Apart from the images, reproduce all of the data word for word.

__Data provided__
┄┄┄┄┄┄
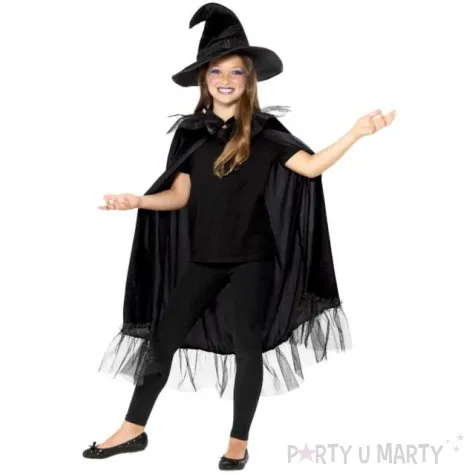 stroj dla dzieci peleryna kapeluisz czarownicy czarny smiffys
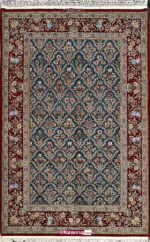 Isfahan Persian Carpet 4 sq meters Floral Bouquet Pattern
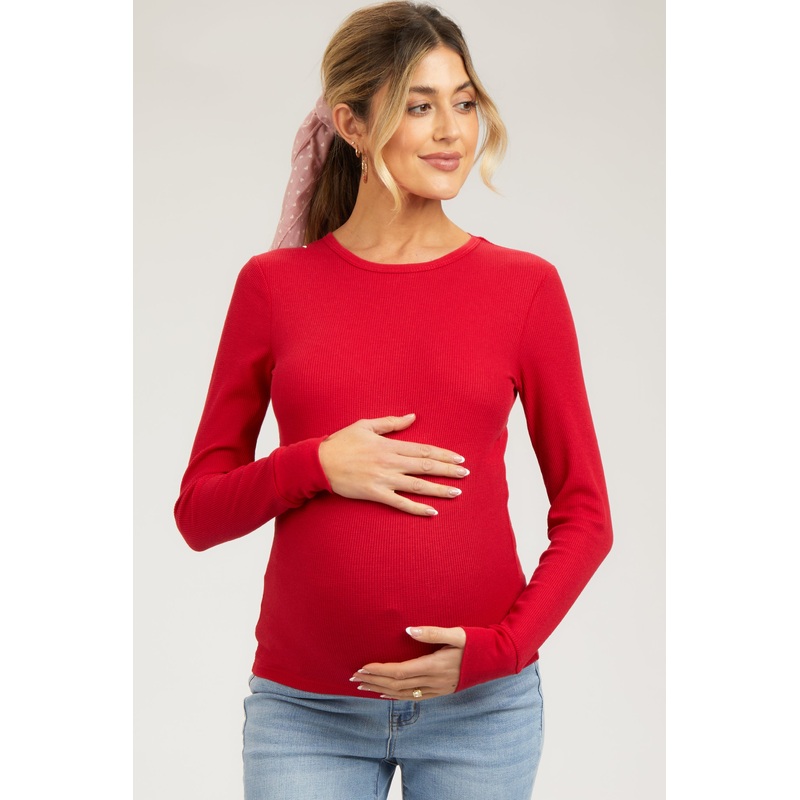 Red Waffle Knit Basic Long Sleeve Maternity Top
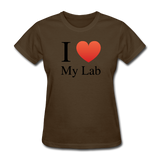 "I ♥ My Lab" (black) - Women's T-Shirt brown / S - LabRatGifts - 10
┄┄┄┄┄┄
__Answer box__
 stroj dla dzieci peleryna kapeluisz czarownicy czarny smiffys
 Isfahan Persian Carpet 4 sq meters Floral Bouquet Pattern
 Red Waffle Knit Basic Long Sleeve Maternity Top
 "I ♥ My Lab" (black) - Women's T-Shirt brown / S - LabRatGifts - 10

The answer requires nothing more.